Pope John Paul II and the English Martyrs

Picking up the series of posts on Venerable John Paul II and the English Reformation as we prepare for his beatification in Rome on the Second Sunday of Easter:

On Sunday, 22 November 1987, the Feast of Christ the King, Pope John Paul II beatified 85 English Martyrs. In his homily, he highlighted some of the last words of the martyrs:

Blessed Nicholas Postgate welcomed his execution "as a short cut to heaven". Blessed Joseph Lambton encouraged those who were to die with him with the words "Let us be merry, for tomorrow I hope we shall have a heavenly breakfast". Blessed Hugh Taylor, not knowing the day of his death, said: "How happy I should be if on this Friday, on which Christ died for me, I might encounter death for him". He was executed on that very day, Friday 6 November 1585. Blessed Henry Heath, who died in 1643, thanked the court for condemning him and giving him the "singular honour to die with Christ".

He emphasized how the martyred priests and laity had worked together and died together:

The twenty-two laymen in this group of martyrs shared to the full the same love of the Eucharist. They, too, repeatedly risked their lives, working together with their priests, assisting, protecting and sheltering them. Laymen and priests worked together; together they stood on the scaffold and together welcomed death. Many women, too, not included today in this group of martyrs, suffered for their faith and died in prison. They have earned our undying admiration and remembrance.

And he referred to the martyrs that Pope Paul VI had canonized previously:

Seventeen years ago forty of the glorious company of martyrs were canonized. It was the prayer of the Church on that day that the blood of those martyrs would be a source of healing for the divisions between Christians.
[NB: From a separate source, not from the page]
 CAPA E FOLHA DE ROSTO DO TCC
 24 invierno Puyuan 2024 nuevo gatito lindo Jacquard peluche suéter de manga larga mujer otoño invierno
Today we may fittingly give thanks for the progress made in the intervening years towards fuller communion between Anglicans and Catholics. We rejoice in the deeper understanding, broader collaboration and common witness that have taken place through the power of God.

Among the 85 beatified that day were two men whose relics are now venerated at Leeds Cathedral, Father Peter Snow and Ralph Grimston, a layman. Their heads were found in the Cathedral and a local forensic scientist reconstructed their faces, as illustrated above. Ralph Grimston tried to protect the young priest as they travelled to York, but they were arrested, tried, and found guilty of being a Catholic priest and a Catholic layman protecting a Catholic priest. Blessed Peter Snow was 32 years old; he was hung, drawn and quartered. He looks so very young! Blessed Ralph Grimston was hung and beheaded. Both were executed under statute 27 Eliz. c. 2, which made it high treason for a Catholic priest to even be in England and a felony to harbor or aid a priest.